## WHAT IS REQUIRED:
Tell how many lines in the records contain the word "poem"; the number alone is the answer.
/---
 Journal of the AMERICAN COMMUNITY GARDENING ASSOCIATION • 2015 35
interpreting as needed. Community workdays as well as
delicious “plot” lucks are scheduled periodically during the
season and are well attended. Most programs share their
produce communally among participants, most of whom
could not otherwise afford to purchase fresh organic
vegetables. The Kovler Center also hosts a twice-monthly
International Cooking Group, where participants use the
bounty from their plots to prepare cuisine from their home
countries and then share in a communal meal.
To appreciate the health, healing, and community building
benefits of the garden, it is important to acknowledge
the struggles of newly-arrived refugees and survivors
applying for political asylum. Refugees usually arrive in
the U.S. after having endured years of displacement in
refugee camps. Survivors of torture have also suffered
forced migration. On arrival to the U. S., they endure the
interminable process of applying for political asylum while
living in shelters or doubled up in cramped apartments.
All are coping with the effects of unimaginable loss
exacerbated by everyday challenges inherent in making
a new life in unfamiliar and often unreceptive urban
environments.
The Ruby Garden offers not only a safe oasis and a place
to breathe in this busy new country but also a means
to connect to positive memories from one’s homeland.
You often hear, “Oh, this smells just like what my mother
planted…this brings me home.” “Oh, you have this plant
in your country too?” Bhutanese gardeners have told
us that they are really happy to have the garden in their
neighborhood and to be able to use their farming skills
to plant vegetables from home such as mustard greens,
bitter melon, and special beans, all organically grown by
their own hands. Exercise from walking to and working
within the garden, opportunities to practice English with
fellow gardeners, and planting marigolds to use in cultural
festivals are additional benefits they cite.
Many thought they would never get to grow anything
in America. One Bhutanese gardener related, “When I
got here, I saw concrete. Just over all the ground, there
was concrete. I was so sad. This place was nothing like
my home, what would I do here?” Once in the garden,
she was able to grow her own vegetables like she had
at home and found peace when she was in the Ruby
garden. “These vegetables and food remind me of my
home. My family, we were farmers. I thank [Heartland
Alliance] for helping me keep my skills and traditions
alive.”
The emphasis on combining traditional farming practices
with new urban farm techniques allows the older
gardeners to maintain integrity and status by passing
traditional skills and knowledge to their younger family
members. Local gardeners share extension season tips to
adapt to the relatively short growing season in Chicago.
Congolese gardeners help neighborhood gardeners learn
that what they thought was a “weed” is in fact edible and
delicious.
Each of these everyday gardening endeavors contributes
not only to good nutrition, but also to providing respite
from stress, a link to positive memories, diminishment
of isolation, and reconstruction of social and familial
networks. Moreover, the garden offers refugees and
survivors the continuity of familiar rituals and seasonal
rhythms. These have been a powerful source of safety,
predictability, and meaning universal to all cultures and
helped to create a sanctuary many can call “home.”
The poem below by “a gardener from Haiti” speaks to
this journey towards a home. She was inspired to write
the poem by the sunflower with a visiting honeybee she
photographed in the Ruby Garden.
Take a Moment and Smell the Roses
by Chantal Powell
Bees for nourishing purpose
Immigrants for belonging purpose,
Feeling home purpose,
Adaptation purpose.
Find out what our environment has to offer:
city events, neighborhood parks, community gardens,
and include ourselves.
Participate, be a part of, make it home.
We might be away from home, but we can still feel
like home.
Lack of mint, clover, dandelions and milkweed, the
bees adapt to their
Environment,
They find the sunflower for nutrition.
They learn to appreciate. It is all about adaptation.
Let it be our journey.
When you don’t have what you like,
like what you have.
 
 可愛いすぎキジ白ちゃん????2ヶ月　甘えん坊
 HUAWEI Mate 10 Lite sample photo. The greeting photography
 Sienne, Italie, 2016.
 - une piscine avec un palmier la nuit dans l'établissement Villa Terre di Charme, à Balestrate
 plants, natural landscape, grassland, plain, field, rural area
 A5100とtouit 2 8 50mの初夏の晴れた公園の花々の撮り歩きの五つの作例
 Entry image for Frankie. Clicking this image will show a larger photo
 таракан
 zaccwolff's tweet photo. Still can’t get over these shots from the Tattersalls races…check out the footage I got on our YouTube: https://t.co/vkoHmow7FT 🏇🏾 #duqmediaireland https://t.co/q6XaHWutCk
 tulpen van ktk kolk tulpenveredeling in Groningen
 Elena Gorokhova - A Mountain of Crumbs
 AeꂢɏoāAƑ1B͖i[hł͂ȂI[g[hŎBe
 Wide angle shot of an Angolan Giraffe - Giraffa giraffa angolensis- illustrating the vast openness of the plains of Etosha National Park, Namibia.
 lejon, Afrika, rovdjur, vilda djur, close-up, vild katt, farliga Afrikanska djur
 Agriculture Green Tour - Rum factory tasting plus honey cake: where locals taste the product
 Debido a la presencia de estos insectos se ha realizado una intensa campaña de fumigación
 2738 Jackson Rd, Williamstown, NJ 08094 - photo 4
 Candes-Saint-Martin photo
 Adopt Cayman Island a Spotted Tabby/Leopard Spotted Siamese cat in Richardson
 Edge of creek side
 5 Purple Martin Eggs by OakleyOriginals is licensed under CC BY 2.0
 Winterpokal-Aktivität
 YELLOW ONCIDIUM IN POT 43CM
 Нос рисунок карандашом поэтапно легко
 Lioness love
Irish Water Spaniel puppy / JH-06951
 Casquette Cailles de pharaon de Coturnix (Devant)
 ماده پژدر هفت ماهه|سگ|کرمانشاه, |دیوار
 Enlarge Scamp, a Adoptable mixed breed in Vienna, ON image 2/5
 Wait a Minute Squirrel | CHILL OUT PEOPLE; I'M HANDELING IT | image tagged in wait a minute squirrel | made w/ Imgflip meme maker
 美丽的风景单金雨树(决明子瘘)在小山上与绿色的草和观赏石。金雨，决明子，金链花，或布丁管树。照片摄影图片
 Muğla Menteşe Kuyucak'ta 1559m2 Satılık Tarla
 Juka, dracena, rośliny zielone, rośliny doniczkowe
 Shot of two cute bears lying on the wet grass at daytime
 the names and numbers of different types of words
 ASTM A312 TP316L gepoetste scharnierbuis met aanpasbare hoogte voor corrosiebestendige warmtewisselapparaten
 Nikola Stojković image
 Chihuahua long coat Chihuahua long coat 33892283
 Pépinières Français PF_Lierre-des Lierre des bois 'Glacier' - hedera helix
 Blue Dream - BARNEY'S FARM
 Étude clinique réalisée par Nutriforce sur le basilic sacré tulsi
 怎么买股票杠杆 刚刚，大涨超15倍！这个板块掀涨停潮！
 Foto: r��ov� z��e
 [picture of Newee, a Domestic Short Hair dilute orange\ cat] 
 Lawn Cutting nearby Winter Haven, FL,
\---
## SOLUTION FOR THIS EXERCISE:
2